Warning: When this configuration is active, High Availability (HA) is DISABLED. If the Master node fails, the service will stop immediately as Pgpool is effectively removed from the decision loop.

Environment

  • VMware Identity Manager 3.3.x (Cluster Deployments)

  • VMware Aria Suite Lifecycle (formerly vRealize Suite Lifecycle Manager)

Cause

The issue is caused by an out-of-order patching workflow in LCM where the LCM patch was applied to the vIDM cluster before the required CSP patch. This violation of the patching order corrupts the cluster automation logic, preventing standard VIP delegation.

Resolution

To bypass the corrupted cluster logic and restore service manually, follow the phases below.

Phase 1: Stop auto-recovery automation

You must prevent auto-recovery.sh and Watchdog from overwriting manual changes or rebooting nodes.

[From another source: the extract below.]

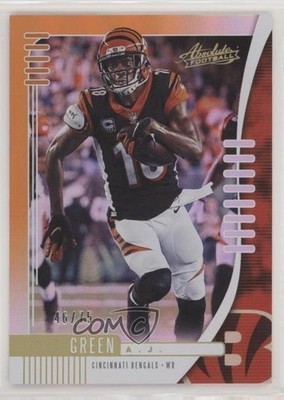2019 Panini Absolute Orange Spectrum 46/75 AJ Green #25 9o3
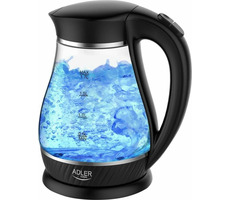 Adler AD 1274 schwarz / Wasserkocher aus Glas / 2200 W / 1,7 L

  1. Log in to ALL nodes in the cluster via SSH.

  2. Stop the Network Service:

    service NetworkService stop
    
  3. Verify the service is stopped:

    /etc/init.d/NetworkService status
    

    Expected Output: Checking for service NetworkService: ..not running

Phase 2: Identify the Write-Master

You must confirm which node holds the Read/Write copy of the database to ensure data integrity.

  1. Run the following command on EACH node until you identify the Master:

    /opt/vmware/vpostgres/current/bin/psql -U postgres -d postgres -h localhost -c "SELECT pg_is_in_recovery();"
    
  2. Interpret the results:

    • t (True): Standby (Read-Only). Do not use this node.

    • f (False): Master (Read/Write). Proceed using this node.

Phase 3: Seize the Virtual IP (VIP)

Manually bind the floating VIP (delegateIP) to the Master node identified in Phase 2 so applications can connect.

  1. Log in to the Master Node identified in Phase 2.

  2. Verify your network mask (usually /24 or /21) by running ifconfig eth0.

  3. Bind the interface using the following syntax:

    # Example:
    ifconfig eth0:0 inet delegateIP netmask 255.255.255.0 up

Phase 4: Application Recovery

Clear stale connection pools and force vIDM to connect to the "new" local VIP.

  1. Perform the following steps on ALL nodes.

  2. Restart the Workspace service:

    service horizon-workspace restart
    

You may now follow the instructions in CSP-102547 Patch Instructions for VMware Identity Manager 3.3.7 and VMware Aria Suite Lifecycle 8.18.0 Patch 6 to properly patch the system into a proper clustered configuration.